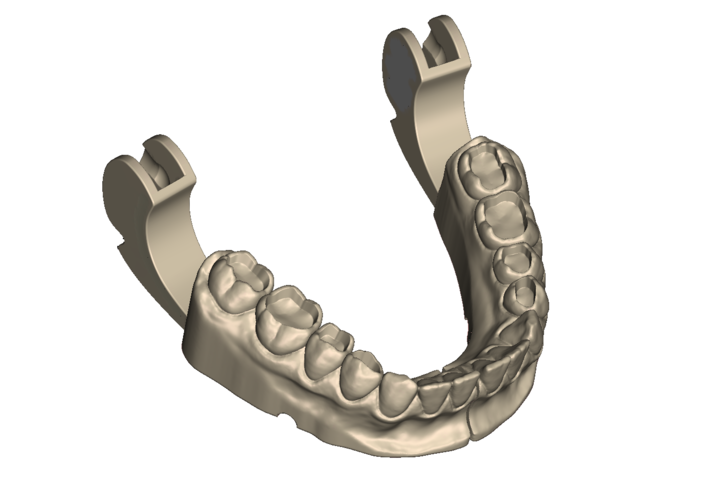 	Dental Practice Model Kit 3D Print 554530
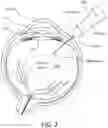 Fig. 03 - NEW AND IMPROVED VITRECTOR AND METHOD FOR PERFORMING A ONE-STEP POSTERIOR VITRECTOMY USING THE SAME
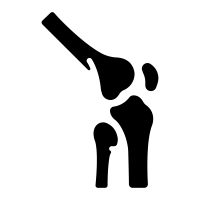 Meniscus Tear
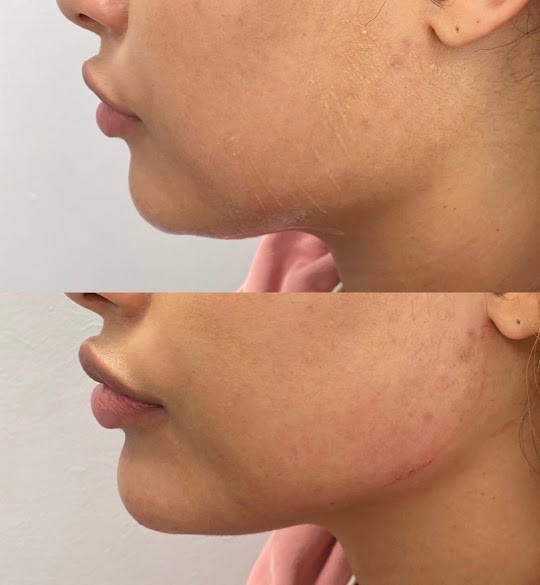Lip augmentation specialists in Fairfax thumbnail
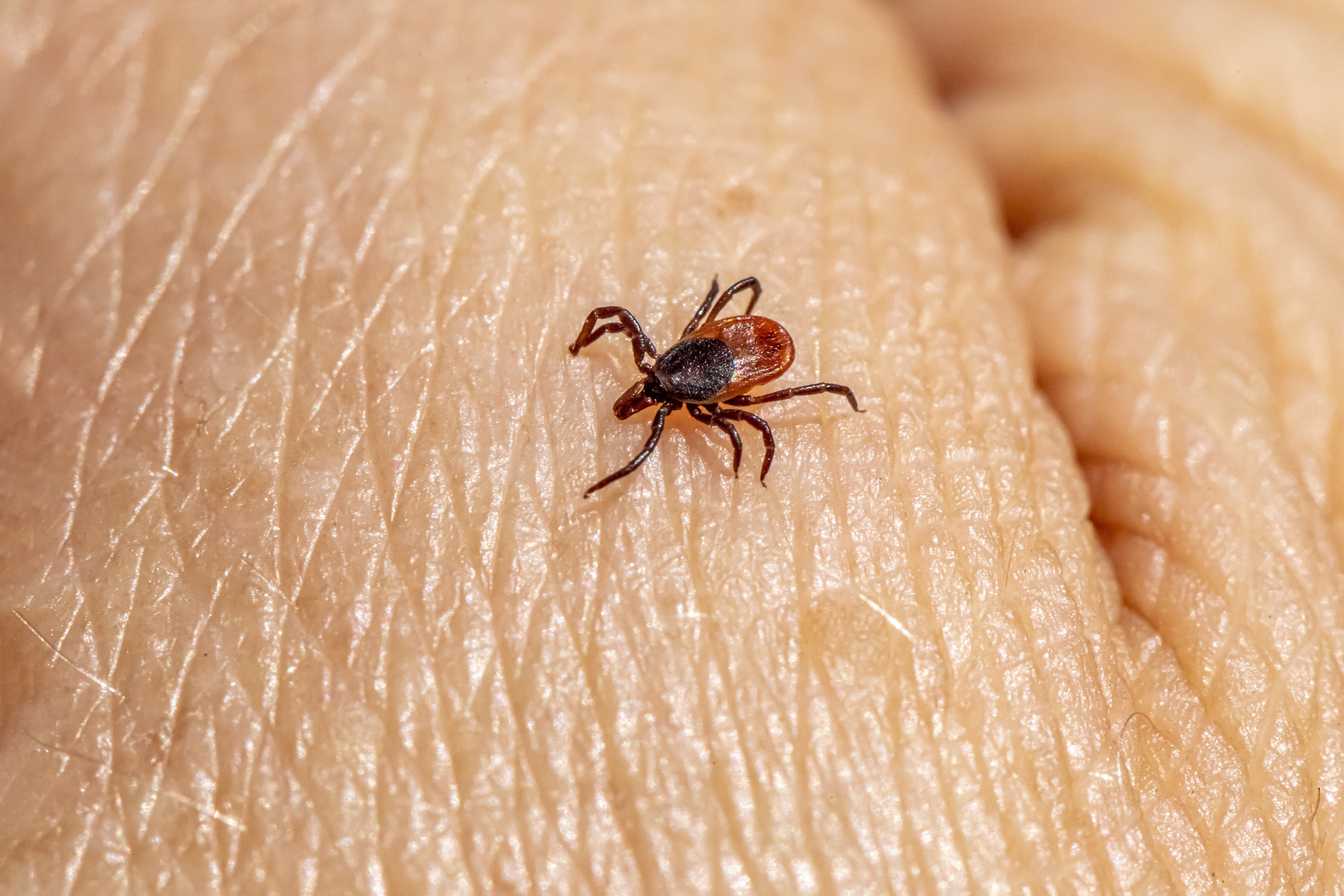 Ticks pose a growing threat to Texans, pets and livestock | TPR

---

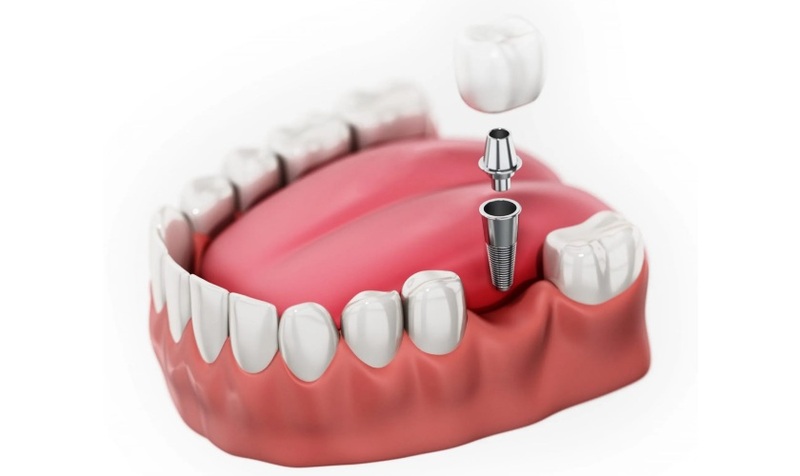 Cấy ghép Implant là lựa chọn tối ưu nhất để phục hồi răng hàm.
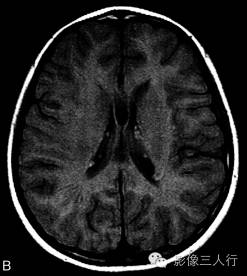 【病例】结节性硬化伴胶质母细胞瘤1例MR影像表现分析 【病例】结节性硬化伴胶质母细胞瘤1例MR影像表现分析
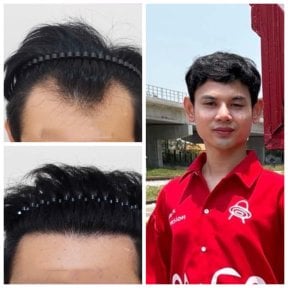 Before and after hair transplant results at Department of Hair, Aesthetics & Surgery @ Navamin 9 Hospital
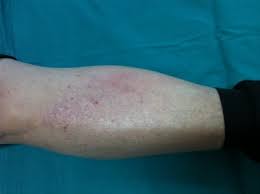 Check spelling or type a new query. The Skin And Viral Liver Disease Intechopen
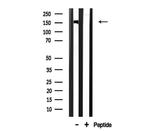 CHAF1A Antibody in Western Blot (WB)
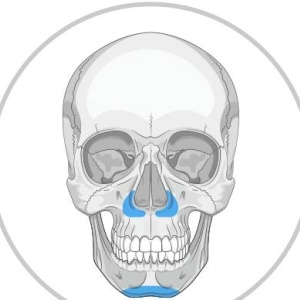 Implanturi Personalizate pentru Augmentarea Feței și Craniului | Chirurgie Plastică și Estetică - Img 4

**What you are asked to do**
Please output the lines above beginning at the line with "CHAF1A Antibody in Western Blot (WB)" and ending after the line with "Implanturi Personalizate pentru", precisely as written and with no pictures.

**Solution to the problem**
 CHAF1A Antibody in Western Blot (WB)
 Implanturi Personalizate pentru Augmentarea Feței și Craniului | Chirurgie Plastică și Estetică - Img 4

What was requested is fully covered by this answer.